Der “Fliegende Bau”, der von einer Dasinger Dienstleister aufgebaut wird, ist mittlerweile fast fertig. Über die Kosten für den kurzfristigen Aufbau schweigen sich die Veranstalter aus. Genauso wie die Pacht, die an die Gemeinde Rottach-Egern zu zahlen ist, derzeit noch unter Verschluss gehalten wird. Und auch die Firma, deren Mitarbeiter in der “Partyalm” feiern werden, bleibt geheim.

Viele Anfragen

„Es ist ausdrücklich gewünscht, dass wir den Namen nicht nennen, da es eine rein interne Veranstaltung ist“, erklärt Bürgermeister Franz Hafner. Und auch der zuständige Eventmanager Julian Siebach, der unter anderem für die Vermarktung des Rottacher Seeforums verantwortlich ist, bittet um Verständnis, dass der Ausrichter seinen Namen nicht in den Medien lesen möchte. Es ist einzig bekannt, dass die Veranstaltung wohl im Rahmen einer Tagung in der neueröffneten Bachmair Weissach Arena stattfinden wird.

Beschwerden oder negative Reaktionen seit Baubeginn seien laut Siebach bisher nicht bekannt. Dafür aber schon viele Anfragen bei der Gemeinde. „Das sind vor allem Fragen. Die Leute wollen nur wissen, was da passiert“, so Siebach. Gegenüber der Tegernseer Stimme äußern sich jedoch einige Rottacher überrascht. So fragt ein Anwohner, der namentlich nicht genannt werden möchte: „Muss das denn wirklich sein? Können solche Firmenfeiern nicht in der zur Verfügung stehenden Veranstaltungshalle abgehalten werden?“

Bis Mitte Oktober

Dabei ist das private Vorhaben bereits im Mai dieses Jahres durch den Gemeinderat in nichtöffentlicher Sitzung genehmigt worden. „Die Veranstalter haben das Gelände für einen gewissen Zeitraum gepachtet“, erklärt Bürgermeister Hafner auf Nachfrage.
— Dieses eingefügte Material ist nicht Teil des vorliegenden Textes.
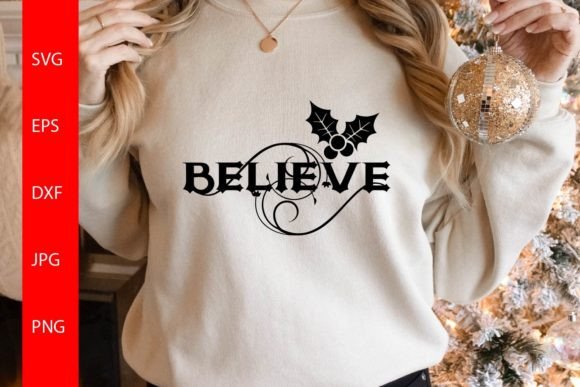 Believe, Christmas SVG Graphics for Crafts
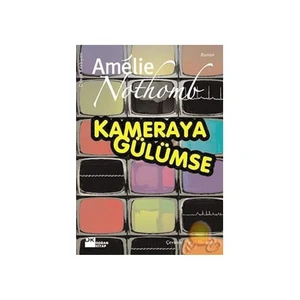 Kameraya Gülümse - Amelie Nothomb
Dies sei, wie auch bei den Hütten im Kurpark, auf Anfrage jederzeit möglich. Und auch an der Popperwiese sei das schon öfter vorgekommen. So hatte beispielsweise der Yachtclub erst vor Kurzem etwas auf- und dann auch wieder abgebaut.

Außerhalb der Badezeit sei das Hafners Meinung nach auch völlig in Ordnung. Daher haben der Bürgermeister und der Gemeinderat auch kein Problem mit solch oder ähnlichen Veranstaltungen auf der Popperwiese. „Mit der Maßgabe, dass eventuelle Schäden auch wieder repariert werden, steht solchen Vorhaben nichts entgegen“, so Hafner. Lange wird das Holzhaus jedenfalls nicht am See stehen bleiben. „Bis Mitte Oktober ist alles wieder vorbei“, verrät Siebach.